When we eventually whittled the dancers down to two kids we just flung prizes at them both and announced 2 winners. We then got all the kids back up on to the dancefloor for the musical bumps and that proved even more impossible as all the kids collapsed down on to the wooden floor at the exact same time, making it near impossible to pick any losers out. Well, all except Joshua, who kept pushing his luck. After another whole constantly interrupted four minutes of Olly Murs we eventually got two winners and called it a day with the games. The kids were happy enough diving about the dancefloor without our help anyway, and had been beforehand, so we just left them to it and spent the rest of the afternoon catching up with the grown ups.

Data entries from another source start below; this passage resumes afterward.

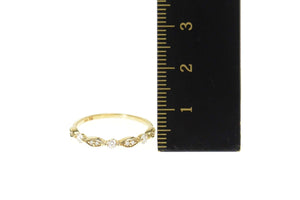 10K 0.25 Ctw Diamond Milgrain Wedding Band Ring Size 7.25 Yellow Gold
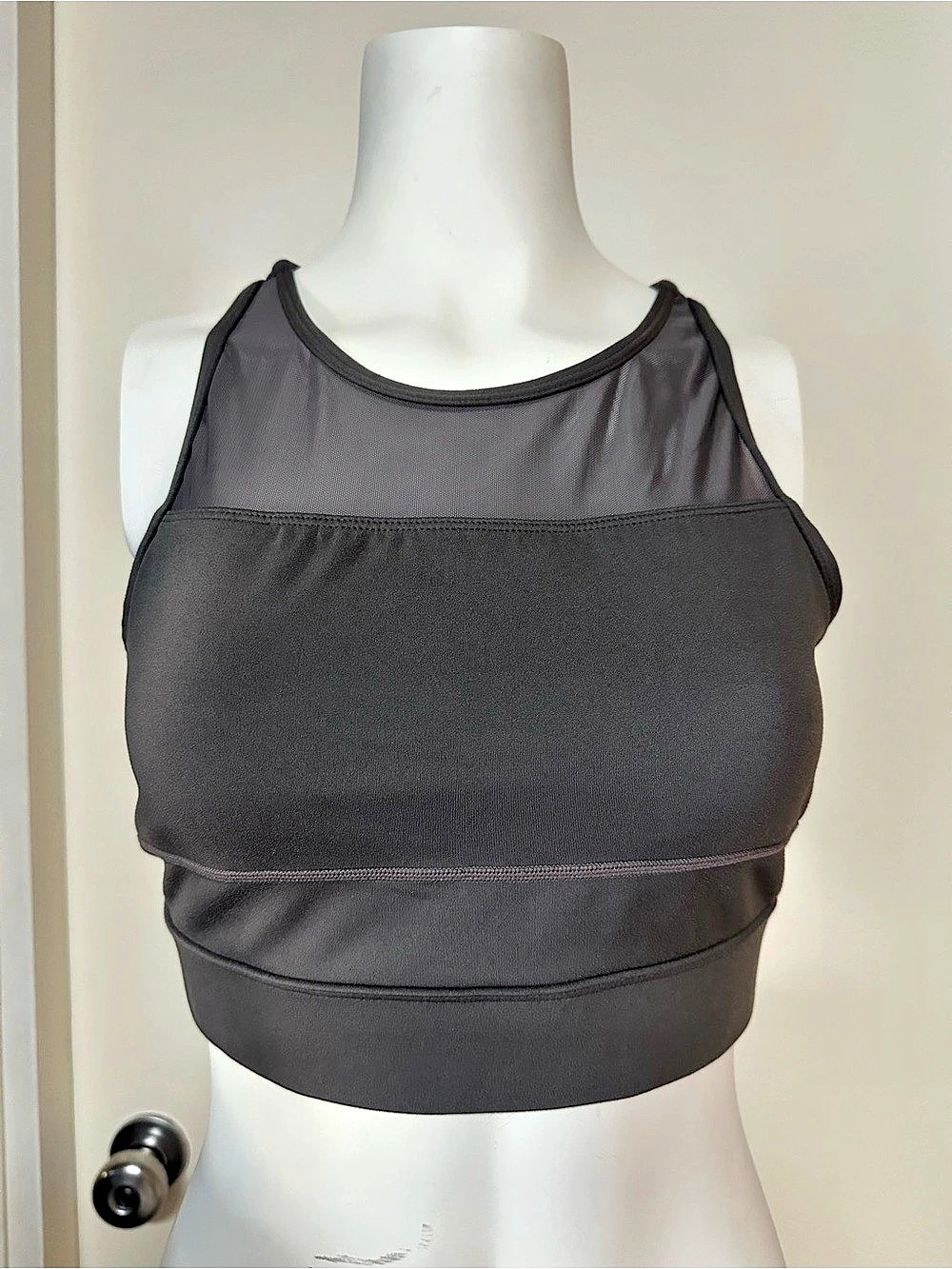 Zyia Active All Star Mesh Athletic Bra Gray Size XL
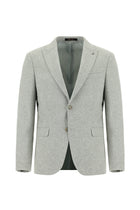 Açık Gri Slim Fit Dar Kesim Yünlü Klasik Ceket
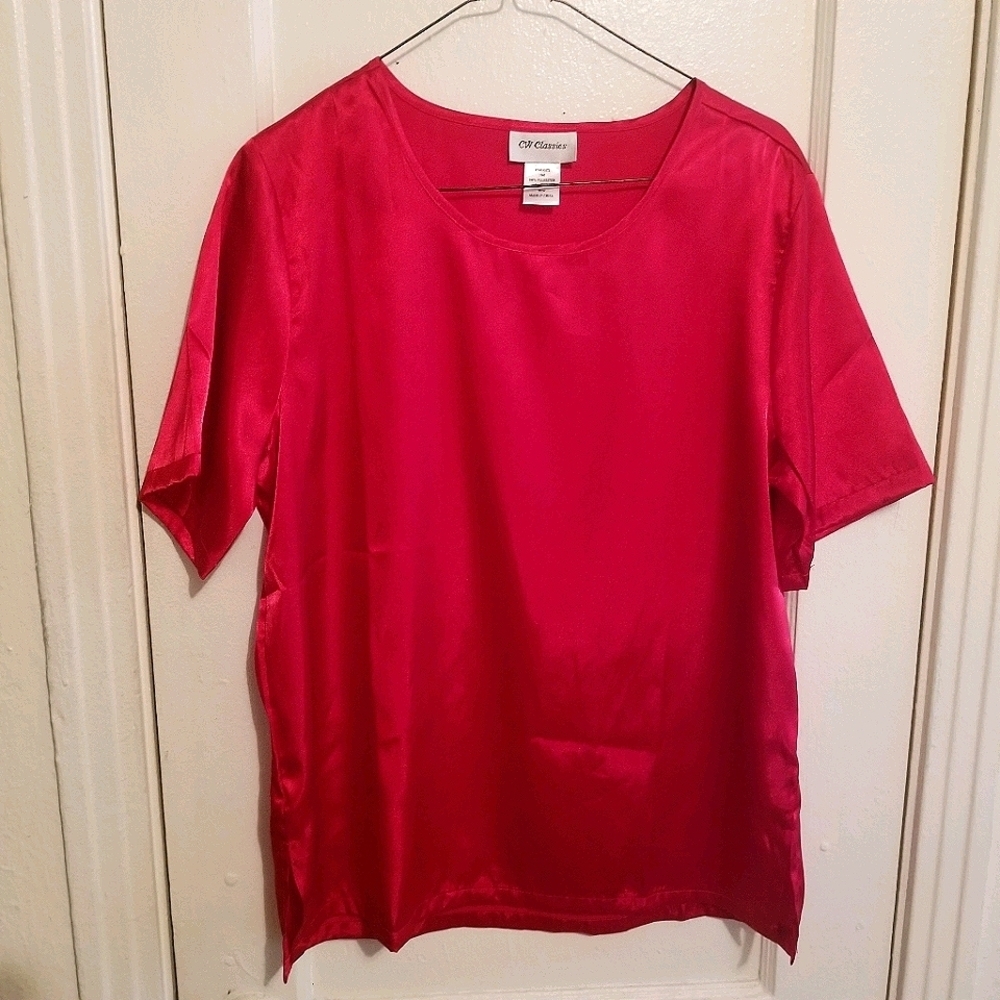 Vtg Women's Red Top M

After more hellos and thanks for coming, people began heading off home from around half past four. Morgan started panicking about the leftover empty pasta bowls and the identity of their owner, Grace insisted on circling the hall with binbags and Dougie done his bit for the bar, collecting the empty glasses up.
In the end only Sophie, Ka, Mum, Dad, Kenny and Lynsey Ann were left. We packed up Pauline’s pasta bowls, (I reported back to Morgan that we’d found their owner), the remainder of Gale’s fruit loaf, the helium balloons and the enormous pile of presents and jumped in the car for home, Sophie looking out from the innards of her car seat, having fully awoken once more and probably wondering where she was off to now. Ka and myself were not looking forward to getting the little lady home as she had not had the chance to eat properly during the party making it more likely that she’d have a little tantrum come dinner time due to the hunger and tiredness.
As it turned out we were pleasantly surprised. Sophie sat in her feeding chair, with her feet up, giggling and laughing, greeting Mum, Dad and Lynsey with lifted arms, who popped round afterwards with the rest of the balloons and for a quick cuppa. This is another new thing for Sophie. The lifting of the arms. Sitting in her chair she was raising them up and down intermittently, making noises, purring and yapping, eyes whizzing about like that wee crazy Gremlin from The New Batch. This crazy good mood continued throughout bathtime and dinner until I lay her down for bed in her moses basket. It was only at that moment that she let out a whimper of protest.
A minute or so later, she was asleep. We weren’t far behind her.